Acontece que nenhum magistrado pode candidatar-se a algum posto eletivo no Brasil. Só restava, portanto, uma saída, que era inviabilizar a própria candidatura potencial de Lula, mediante a sua condenação criminal. Foi o que fez Sérgio Moro em sentença prolatada em julho de 2017. Logo em seguida, em flagrante violação de seus deveres de magistrado (Lei Complementar n. 35, de 14.03.1979, art. 36, III), o Presidente do Tribunal Regional Federal da 4ª Região, que atuou como segunda instância no respectivo processo, teceu publicamente rasgados elogios à sentença condenatória.
Não foi essa, porém, a única condenação criminal a Lula, como não tardou a se verificar.
Nesse meio tempo, nossos oligarcas prepararam e executaram em 2016 o afastamento de Dilma Rousseff da presidência da República, por meio de manobras ilegítimas, com a conivência do Ministério Público e do Poder Judiciário. O proveito para a oligarquia brasileira e o Estado norte-americano foi imediato e conspícuo, como se verá mais abaixo.” (5)
O devido processo
FHC
“A minha crítica não é motivada pelo antagonismo pessoal. Lula da Silva e eu lutamos juntos contra o regime autoritário que dominou o Brasil entre 1964 e 1985. Na sequência, quando concorremos como adversários em eleições democráticas, eu mantive uma relação construtiva com ele.
Lamento que o ex-presidente enfrente acusações adicionais de corrupção e lavagem de dinheiro. Mas o fato é que os processos judiciais em que ele esteve envolvido seguido o devido processo e foram realizadas em conformidade com a Constituição e o Estado de Direito.”
FKC
“Os grandes burocratas casavam-se com as filhas dos grandes fazendeiros, dos grandes senhores de engenho (…) O dinheiro público era considerado um patrimônio próprio desta sociedade, de grandes agentes estatais e grandes empresários. (…) Afinal das contas, é todo um velho costume.

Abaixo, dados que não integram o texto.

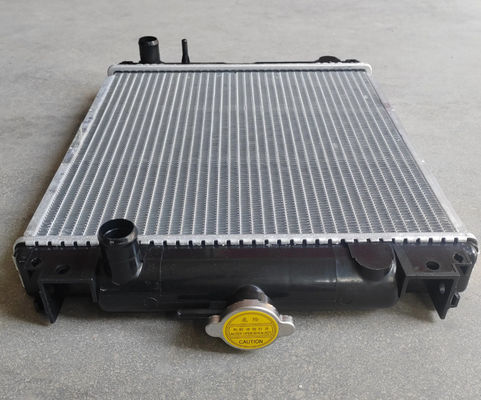 KX15 Water Tank Radiator Aluminum Material for Construction Machinery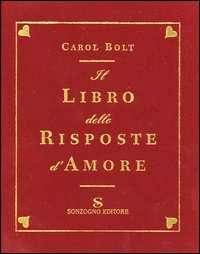 Image of Libro delle risposte d'amore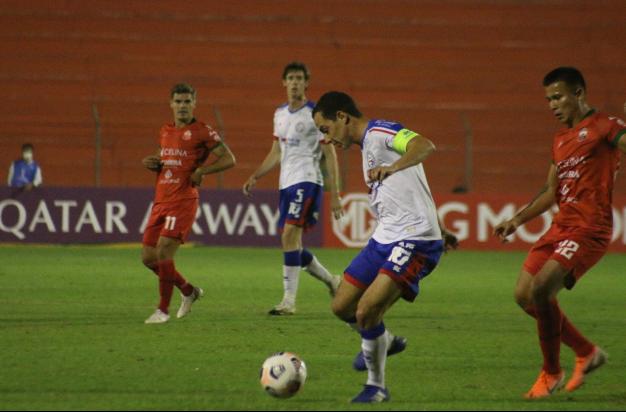 Guabirá (BOL) 0 x 1 Bahia – Tricolor vence e assume a liderança!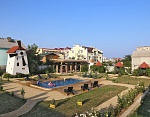 "Фонарь и Мельница" гостевой дом в Береговом (Феодосия) фото 2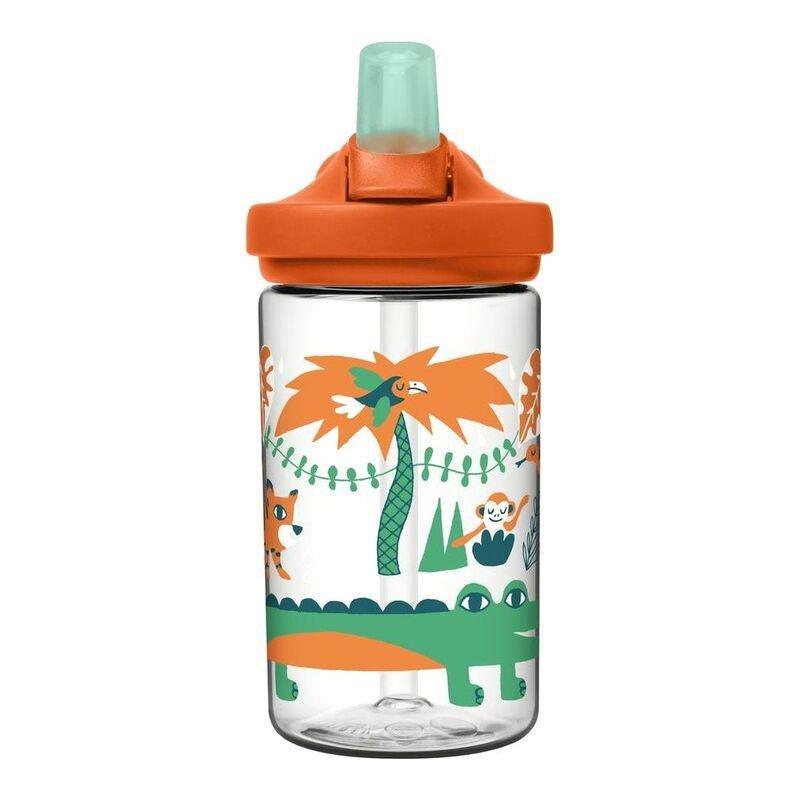 CAMELBAK - Camelbak Eddy + Kids Water Bottle 415ml - Jungle Animals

Acontece que a operação Lava Jato, como eu disse antes, ela veio entrar nesse campo e atacar esse velho costume. E, a meu ver, isso foi necessário para desmoralizar os petistas e os governantes ligados ao petismo. Mas, ao final das contas, teve um lado negativo para eles, americanos e seus asseclas brasileiros: é que ficou evidente que, ao final das contas, isso aqui não começou ontem com o Lula, vem de séculos.” (4)
Efeitos “colaterais” da operação Lava Jato
FHC
“O caso de Lula da Silva não é um caso isolado. No Brasil, existem os políticos de todos os partidos na prisão, muitos dos quais tiveram condenações mantidas por um tribunal de apelações. Entre eles incluem-se membros do meu próprio partido, o PSDB.”
FKC
“O que, porém, ninguém previra foi o espraiamento da Operação Lava Jato, de modo a atingir individualmente os próprios oligarcas; inclusive o Presidente da República, fato sem precedentes em nossa história republicana. Denunciado criminalmente duas vezes pelo Procurador-Geral da República, Michel Temer teve que prodigalizar uma ampla distribuição de benesses aos deputados federais, a fim de barrar o início do processo penal perante o Supremo Tribunal Federal. Tudo isso, enfim, parece assegurar que, segundo todas as probabilidades, a coligação oligárquica tradicional permanecerá como titular da soberania em nosso país durante um tempo indefinido.” (5)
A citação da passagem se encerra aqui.